The best market for Nigerian culture may be outside Nigeria, the problems of YouTube distribution aside. One discussant tells us about Nigerian hiphop group P-Square recently sold several million copies of their latest album. A distributor purchased and sent six million copies to the East African market. Not only has the record succeeded, it has allowed the group to demand $100,000 – $150,000 for live performances. Perhaps, some of our group speculated, this is the future for Nigerian cinema – live screenings of new films across the continent and film stars demanding appearance fees similar to those of hiphop stars.


This earlier post on the Nigerian film industry may be interesting to you as well.

3 thoughts on “Nollywood: is better distribution the remedy for piracy?”

  1. Pingback: Why Nollywood films often come out in several parts – Shelby Grossman's Blog

  2. I’ve been very interested in Nollywood cinema ever since I heard about it in Good Copy, Bad Copy. I wonder if there is a future trend of building more cinemas, and what that would depend on. When it comes to overseas audiences (which are so important for Bollywood movies), there’s no point in blaming YouTube piracy when there is no good legitimate way of obtaining these movies.

    I have been interested in watching Nollywood movies for a long time, and have still not found a good place to watch them online.
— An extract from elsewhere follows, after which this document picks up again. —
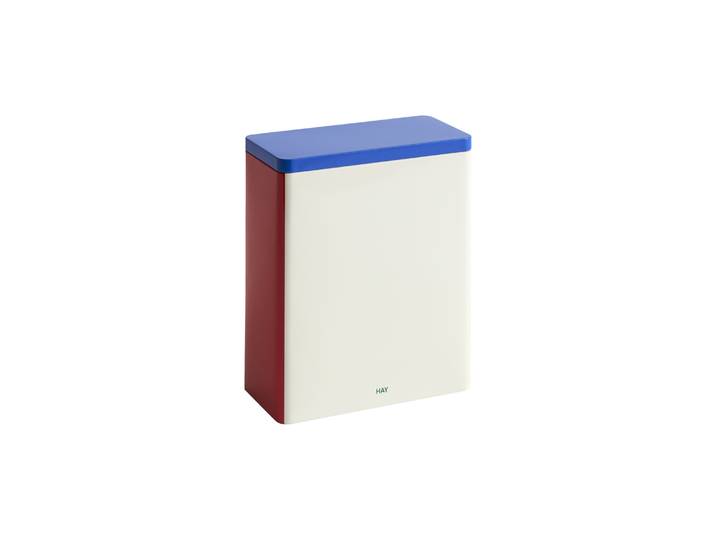 Hay - Boîte hermétique Tin - Multicolore - Fer blanc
Why don’t they set up a deal with Netflix, I am sure they would be happy to have them. Or set up something themselves – if there was a place where I could pay 2$ through PayPal to download high-quality subtitled Nollywood movies (with reviews etc), I’d probably buy a bunch. Maybe I’d even organize a small Nollywood film festival in my living room :)
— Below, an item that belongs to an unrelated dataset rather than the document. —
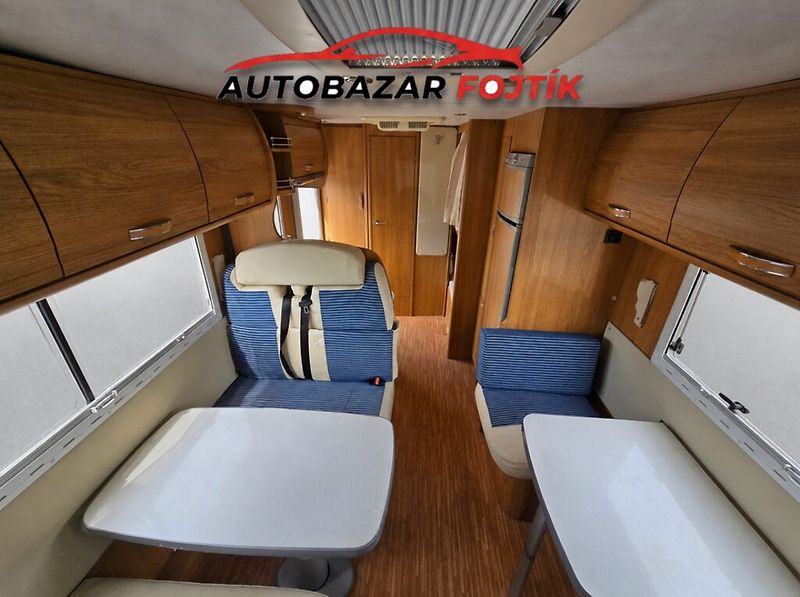 Ford Transit (2009) 2.4 TDCi 103KW Rimor - fotka 15 z 25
  3. Stian, there are several sites where you can watch Nollywood films. Some are clearly violating copyrights and posting films to YouTube, then selling ads on the embedded content – nollywoodlove.com is one example of this. Afrovision.tv seems to do the same thing using Vimeo to store video. A few firms are trying to license content – i.e., actually pay the producers! – and distribute online, often via subscription models. One is izognmovies.com

    I hope you have your Nollywood film festival soon – sounds like good fun.